MouseLand / suite2p

cell detection in calcium imaging recordings
http://www.suite2p.org
GNU General Public License v3.0
334 stars 239 forks source link

BUG: Can not handle an h5 file with 5D data structure #1111

Open knowblesse opened 3 months ago

knowblesse commented 3 months ago

Describe the issue:

When suite2p try to open an h5 file with 5D data structure, it can not iterate through frames with this error. TypeError: Indexing arrays must have integer dtypes The cause of the error is the fact that arguments of np.arange receives int / int when hdims != 3.

Reproduce the code example:

# needs an h5 file with 5D array structure.

Error message:

Traceback (most recent call last):
  File "/home/jihoon_jeong/miniforge3/envs/2p_prep/lib/python3.9/site-packages/IPython/core/interactiveshell.py", line 3550, in run_code
    exec(code_obj, self.user_global_ns, self.user_ns)
  File "<ipython-input-2-5c404d568d0f>", line 1, in <module>
    f[key][irange, ...]
  File "h5py/_objects.pyx", line 54, in h5py._objects.with_phil.wrapper
  File "h5py/_objects.pyx", line 55, in h5py._objects.with_phil.wrapper
  File "/home/jihoon_jeong/miniforge3/envs/2p_prep/lib/python3.9/site-packages/h5py/_hl/dataset.py", line 831, in __getitem__
    selection = sel.select(self.shape, args, dataset=self)
  File "/home/jihoon_jeong/miniforge3/envs/2p_prep/lib/python3.9/site-packages/h5py/_hl/selections.py", line 82, in select
    return selector.make_selection(args)
  File "h5py/_selector.pyx", line 282, in h5py._selector.Selector.make_selection
  File "h5py/_selector.pyx", line 197, in h5py._selector.Selector.apply_args
TypeError: Indexing arrays must have integer dtypes

Version information:

0.14.0

Context for the issue:

No response

knowblesse commented 3 months ago

Double value in np.arange was not the only problem.

Fix 1

In line 63-64, nframes_all which I think a variable representing total number of frames, only consider the first two dimension. This works fine with 4D, but when 5D data is provided, the algorithm must consider number of frames number of planes number of channels

nframes_all = f[key].shape[0] if hdims == 3 else f[key].shape[0] * f[key].shape[1]

Fix 2

I don't know why there is this comment data = (nchan x) (nframes x) nplanes x pixels x pixels

If that comment is right, than...

  1. both nframes x nplanes x pixels x pixels and nchan x nframes x pixels x pixels should work for 4D data,
  2. and 5D data with nchan x nframes x nplanes x pixels x pixels

but the second case of the 4D and the 5D fail because of the line 81 im = f[key][irange, ...]

It would be much safer to check the shape of the data and raise error when the data shape didn't match with ops.npy.

Same thing applies to line 82-83

Fix 3

I don't understand the logic in line 97 i0 = nchannels * ((j) % nplanes)

as ((j) % nplanes) is always j

For the 5D, don't we want something like this?

[fr0 ch0 pl0], [fr0 ch0 pl1], [fr0 ch1 pl0],[fr0 ch1 pl1] [fr1 ch0 pl0], ...

In this case, i0 = j will do the job as it will move one index further for each plane.

Then line 98-99 and line 104-105 should be changed too.

Minor

line 87 if type(im[0, 0, 0]) == np.uint16: would be much direct if im.dtype == np.uint16:


Please correct me if I'm wrong.

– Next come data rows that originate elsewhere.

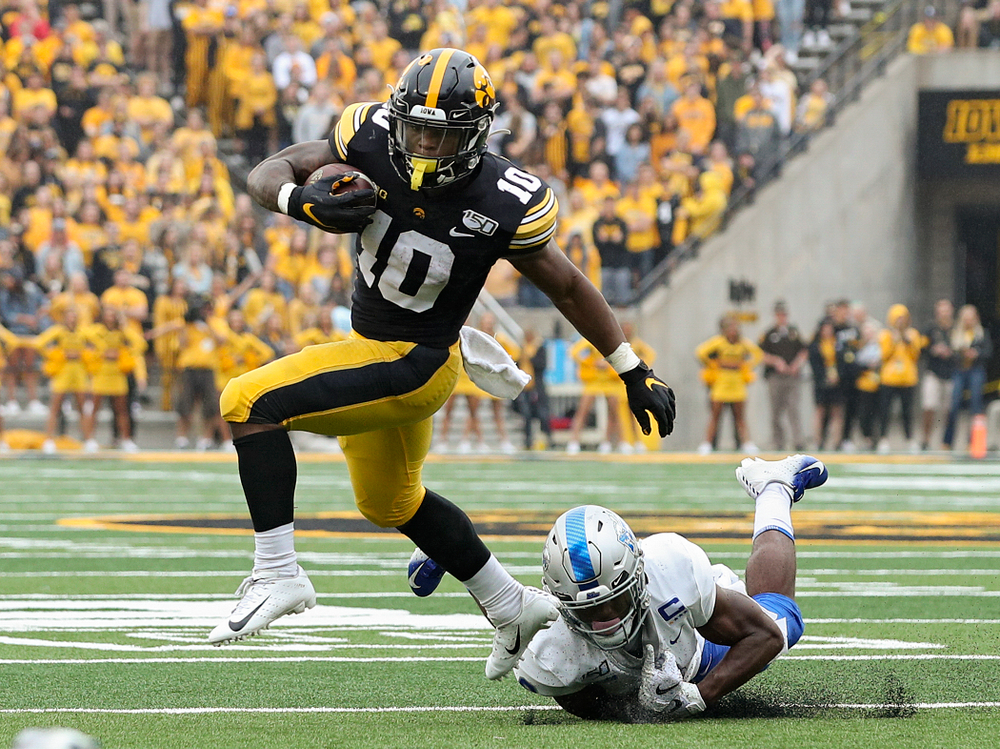 Iowa Hawkeyes running back Mekhi Sargent (10) pulls away from a tackle during the second quarter of their game at Kinnick Stadium in Iowa City on Saturday, Sep 28, 2019. (Stephen Mally/hawkeyesports.com)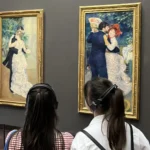 Visitors viewing Renoir’s Dance in the City and Dance in the Country at the Musée d’Orsay, part of the Renoir Exhibition 2026 Renoir and Love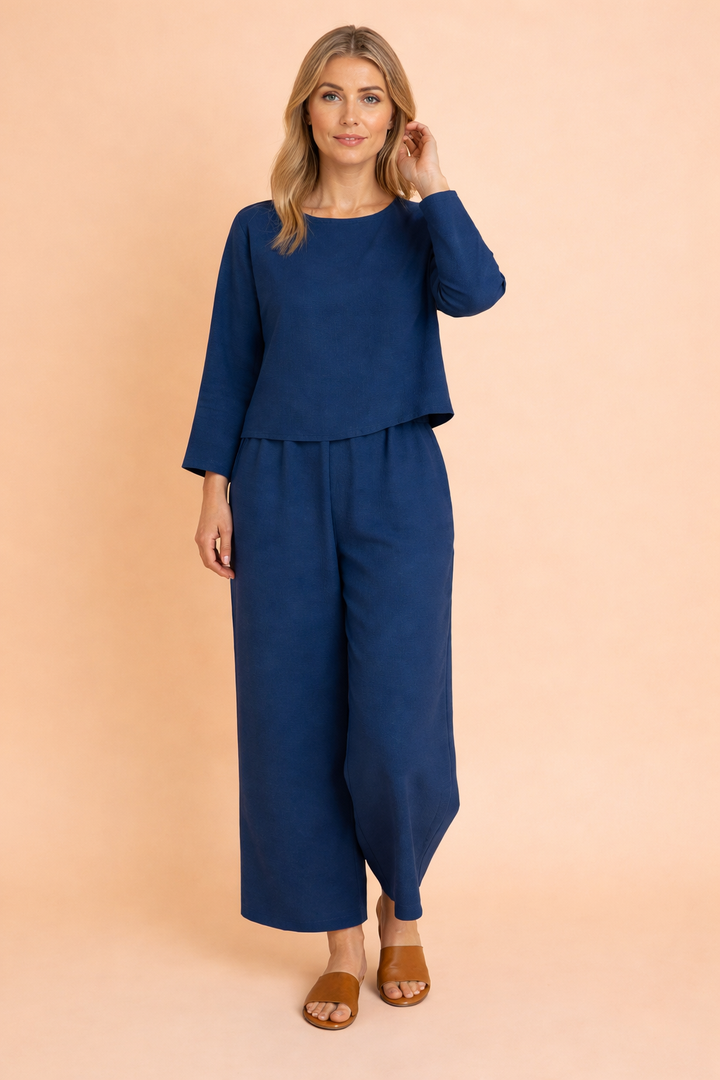Elegant women's two-piece blouse & trousers set. Effortless casual chic summer outfit for women's fashion.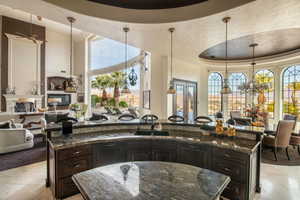 Kitchen featuring dark brown cabinets, open floor plan, a tray ceiling, decorative light fixtures, and a center island with sink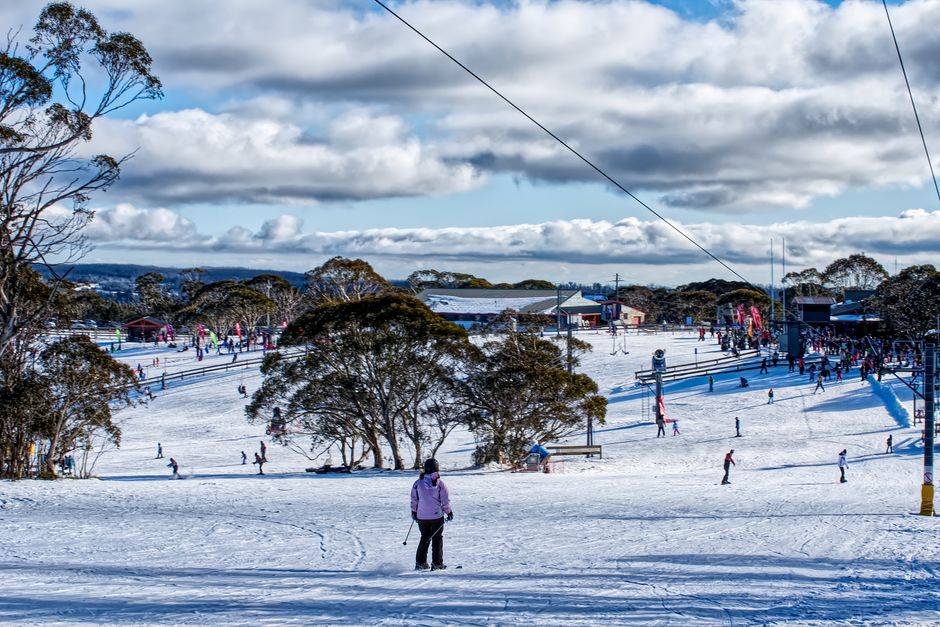 A bustling ski resort with people enjoying snow activities amidst a winter landscape.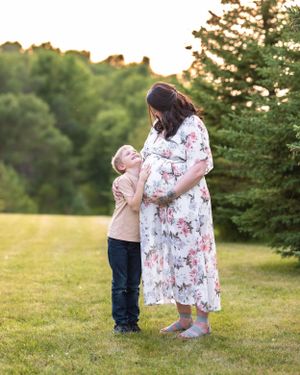 A young boy hugs his pregnant mother in a floral dress during a golden hour maternity photo session outdoors.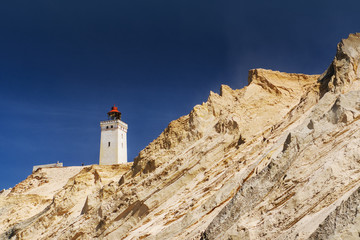 Fototapeta na wymiar Sand cliffs and sand dunes with the famous lighthouse seen from the danish beach. Rubjerg Knude Lighthouse, Lønstrup and Lokken in North Jutland in Denmark, Skagerrak, North Sea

BTW, it's an awesome package! Thank you for your job!

carsen-stringer commented 3 months ago

Thanks @knowblesse for noticing this and trying to fix this issue. We don't use h5 files ourselves, but I think this deinterleaving of irange is necessary for scanbox converted files? I believe these files had data arrays which were/are 3D/4D which needed to be converted to 5D format to put into our binaries (tiffs have this sort of ordering too from Scanimage). But I honestly don't remember who we added this specific 4D/5D fix for.

If possible, ideally the fix would be backwards compatible, e.g. for Fix 1,

nframes_all = np.prod(np.array(f[key].shape[:-2]))

For Fix 2 -- check if the h5 file has the right dimensions -- if so, skip all of the deinterleaving steps and write straight to binary?

I'm not sure if Fix 3 means there is a bug for these sorts of files already anyway?

knowblesse commented 3 months ago

Hi Dr. Stringer, I'm Ji Hoon, and thank you for your comment! Your feedback is truly an honor! Our lab, led by PI Tristan Geiller at Yale, has recently embarked on building our own data processing pipeline. During this process, we had the pleasure of discovering your remarkable package. After careful consideration, we decided to adopt the H5 format with a 5D array over the TIFF stack option.

I actually fixed the issue, and tested on 3D, 4D (with multiple channels), 4D (with multiple planes), and 5D (both multiple channels and planes). I've submitted a pull request (#1112), and I would greatly appreciate your review.

Thank you!